Ce qui est lacunaire dans beaucoup d’études sur la mobilité étudiante, c’est bien une analyse, dans les différents pays, des modalités d’insertion sur le marché du travail des étudiants mobiles. Les données auxquelles nous avons pu accéder sont extrêmement fragmentaires. Elles reposent le plus souvent sur des estimations à partir de questions d’opinion posées aux étudiants aussitôt leur séjour achevé, comme c’est le cas dans les rapports de fin de séjour ou les évaluations de la Communauté Européenne. D’après les données de l’OCDE (Regards sur l’éducation), les mutations sociales et économiques semblent avoir rendu le passage de la formation à l’emploi de plus en plus difficile et long en Europe, même si les jeunes diplômés européens sont loin de constituer un groupe homogène. Leurs perspectives sur le plan professionnel sont très dispersées selon l’âge, le niveau et le lieu de formation.

D’une manière générale, un niveau élevé de formation initiale ne fait pas que réduire le risque de chômage, il accroît aussi les chances de trouver un emploi permanent à temps plein. Cela dit, la croissance des emplois temporaires et à temps partiel est variable suivant les pays. L’Espagne est le meilleur exemple de la libéralisation de l’utilisation des contrats temporaires. Selon les chiffres de l’OCDE, 80% des jeunes récemment sortis de l’école travaillent sous contrats temporaires en Espagne. Ainsi les perspectives d’emploi des jeunes au sortir du système universitaire sont extrêmement sensibles à l’état général des segments des marchés nationaux du travail. Entre les pays européens, des différences persistantes se manifestent par des disparités très importantes des périodes globales passées dans un emploi ou au chômage. En plus de cet indicateur, les difficultés variables des jeunes face à l’emploi peuvent être observées au regard de l’inactivité. D’après les données de l’OCDE, l’Italie a l’un des résultats les plus préoccupants quant à l’emploi des jeunes.

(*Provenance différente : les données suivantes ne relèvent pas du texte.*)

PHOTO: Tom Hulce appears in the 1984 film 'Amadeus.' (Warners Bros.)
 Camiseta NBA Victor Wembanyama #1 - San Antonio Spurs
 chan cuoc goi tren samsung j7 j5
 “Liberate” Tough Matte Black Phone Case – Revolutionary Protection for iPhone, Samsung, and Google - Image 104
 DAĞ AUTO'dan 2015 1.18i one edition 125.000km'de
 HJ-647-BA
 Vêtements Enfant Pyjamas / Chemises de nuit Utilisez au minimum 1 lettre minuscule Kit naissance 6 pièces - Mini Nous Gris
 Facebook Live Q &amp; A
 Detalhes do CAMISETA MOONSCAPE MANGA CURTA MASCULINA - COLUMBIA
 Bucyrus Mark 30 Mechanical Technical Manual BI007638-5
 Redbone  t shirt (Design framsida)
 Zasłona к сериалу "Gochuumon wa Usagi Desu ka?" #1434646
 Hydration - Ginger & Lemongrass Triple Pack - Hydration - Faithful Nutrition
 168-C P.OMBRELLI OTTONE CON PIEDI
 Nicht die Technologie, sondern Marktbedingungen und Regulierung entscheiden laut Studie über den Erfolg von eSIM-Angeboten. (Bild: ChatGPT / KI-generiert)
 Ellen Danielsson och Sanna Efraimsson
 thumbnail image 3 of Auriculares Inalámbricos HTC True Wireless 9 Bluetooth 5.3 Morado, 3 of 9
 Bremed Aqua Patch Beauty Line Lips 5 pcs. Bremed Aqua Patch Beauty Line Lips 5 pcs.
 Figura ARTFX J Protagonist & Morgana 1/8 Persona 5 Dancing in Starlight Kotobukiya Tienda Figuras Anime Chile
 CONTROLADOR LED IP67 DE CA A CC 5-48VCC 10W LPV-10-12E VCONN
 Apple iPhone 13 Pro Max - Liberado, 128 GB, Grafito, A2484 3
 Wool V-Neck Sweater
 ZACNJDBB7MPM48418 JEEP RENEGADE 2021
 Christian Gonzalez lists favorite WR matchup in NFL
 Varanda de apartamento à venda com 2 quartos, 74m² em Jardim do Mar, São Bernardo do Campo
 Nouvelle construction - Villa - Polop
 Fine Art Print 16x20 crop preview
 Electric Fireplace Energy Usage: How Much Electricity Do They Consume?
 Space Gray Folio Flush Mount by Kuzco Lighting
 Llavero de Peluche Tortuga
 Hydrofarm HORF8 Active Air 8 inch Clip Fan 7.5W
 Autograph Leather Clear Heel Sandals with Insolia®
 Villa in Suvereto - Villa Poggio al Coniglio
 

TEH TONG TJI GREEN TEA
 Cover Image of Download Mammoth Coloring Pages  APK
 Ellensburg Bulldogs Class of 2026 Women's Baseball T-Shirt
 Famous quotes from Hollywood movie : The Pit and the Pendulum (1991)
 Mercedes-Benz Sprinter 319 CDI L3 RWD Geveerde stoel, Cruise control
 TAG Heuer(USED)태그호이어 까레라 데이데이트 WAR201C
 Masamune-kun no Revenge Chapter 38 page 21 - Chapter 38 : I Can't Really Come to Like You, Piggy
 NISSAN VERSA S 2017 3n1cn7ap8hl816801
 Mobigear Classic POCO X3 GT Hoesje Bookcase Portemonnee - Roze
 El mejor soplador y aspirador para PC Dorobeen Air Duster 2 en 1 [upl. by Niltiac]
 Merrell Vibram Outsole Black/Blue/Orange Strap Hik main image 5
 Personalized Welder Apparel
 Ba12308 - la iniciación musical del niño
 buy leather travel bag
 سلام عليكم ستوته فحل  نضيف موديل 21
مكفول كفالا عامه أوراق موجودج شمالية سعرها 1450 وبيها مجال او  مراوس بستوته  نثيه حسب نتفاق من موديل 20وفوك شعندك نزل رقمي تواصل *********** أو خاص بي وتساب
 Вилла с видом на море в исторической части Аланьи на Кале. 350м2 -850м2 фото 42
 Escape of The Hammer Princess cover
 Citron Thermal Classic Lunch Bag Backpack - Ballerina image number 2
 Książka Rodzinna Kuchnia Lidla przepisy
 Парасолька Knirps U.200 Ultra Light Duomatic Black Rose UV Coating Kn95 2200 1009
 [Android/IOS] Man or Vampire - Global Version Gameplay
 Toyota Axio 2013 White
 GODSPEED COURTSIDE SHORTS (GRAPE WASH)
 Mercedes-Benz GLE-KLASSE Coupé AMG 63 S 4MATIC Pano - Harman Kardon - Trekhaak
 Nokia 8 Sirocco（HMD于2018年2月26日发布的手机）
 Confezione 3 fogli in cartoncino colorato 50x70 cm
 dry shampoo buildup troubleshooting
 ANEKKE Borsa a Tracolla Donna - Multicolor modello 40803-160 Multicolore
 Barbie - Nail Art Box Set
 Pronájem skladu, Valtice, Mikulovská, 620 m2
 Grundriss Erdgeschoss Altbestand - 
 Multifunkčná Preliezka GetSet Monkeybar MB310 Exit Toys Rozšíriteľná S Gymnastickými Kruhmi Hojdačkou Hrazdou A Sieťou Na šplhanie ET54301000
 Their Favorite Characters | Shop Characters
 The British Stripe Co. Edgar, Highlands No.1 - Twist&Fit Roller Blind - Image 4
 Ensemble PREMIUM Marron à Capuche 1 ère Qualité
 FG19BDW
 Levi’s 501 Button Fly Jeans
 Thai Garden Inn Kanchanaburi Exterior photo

6.1 Erasmus face à des entrées dans la vie active diversifiées selon les pays

Les perspectives d’emploi des jeunes varient tout d’abord selon le sexe, comme le montre le tableau n° 61 ci-dessous. Le Royaume-Uni affiche des chiffres supérieurs à la moyenne européenne pour les jeunes filles ; par contre, l’Italie se particularise par des résultats des plus bas. Les probabilités d’emploi des jeunes âgés de 16 à 29 ans étaient en 1996 de 65,3% pour les jeunes hommes britanniques, mais seulement de 30% pour leurs homologues italiens. De même, les femmes britanniques avaient une probabilité supérieure d’environ 5 points d’être en emploi un an avant leur sortie de l’école, alors que pour leurs consœurs françaises et italiennes cette probabilité était inférieure ; avec un écart de plus de 5 points en France et de presque 20 points en Italie.

Tableau 61 : Probabilités d’emploi des jeunes âgés de 16 à 29 ans, sortis de l’école un an auparavant, -1996- (en pourcentage)

Total Hommes Femmes
France 58.3 61.8 54.3
Royaume-Uni 67.6 65.3 70.1
Italie 30.0 38.5 20.6

Source : http://www.oecd.org/dataoecd/8/54/2080246.pdf

Ces données de l’OCDE confirment ainsi qu’il existe encore aujourd’hui en Europe de fortes disparités quant à l’emploi des jeunes selon les pays et le sexe. L’OCDE calcule ensuite des taux de retour sur investissement de l’éducation (rates of return to investment in education), le Royaume-Uni, faisant partie de ceux qui possèdent un des taux les plus élevés en Europe et l’Italie un des plus bas. Ceci peut être compris au regard de la structure des emplois en Europe, qui varie encore grandement, comme le montre le graphique ci- dessous, issu de l’enquête sur la force de travail d’EUROSTAT en 1997. Dans une économie de service comme celle du Royaume-Uni, les cadres, parmi l’ensemble des travailleurs, dépassent le quart de la population active dépendante, alors qu’en Italie ils représentent à peine plus de 10% de cette dernière.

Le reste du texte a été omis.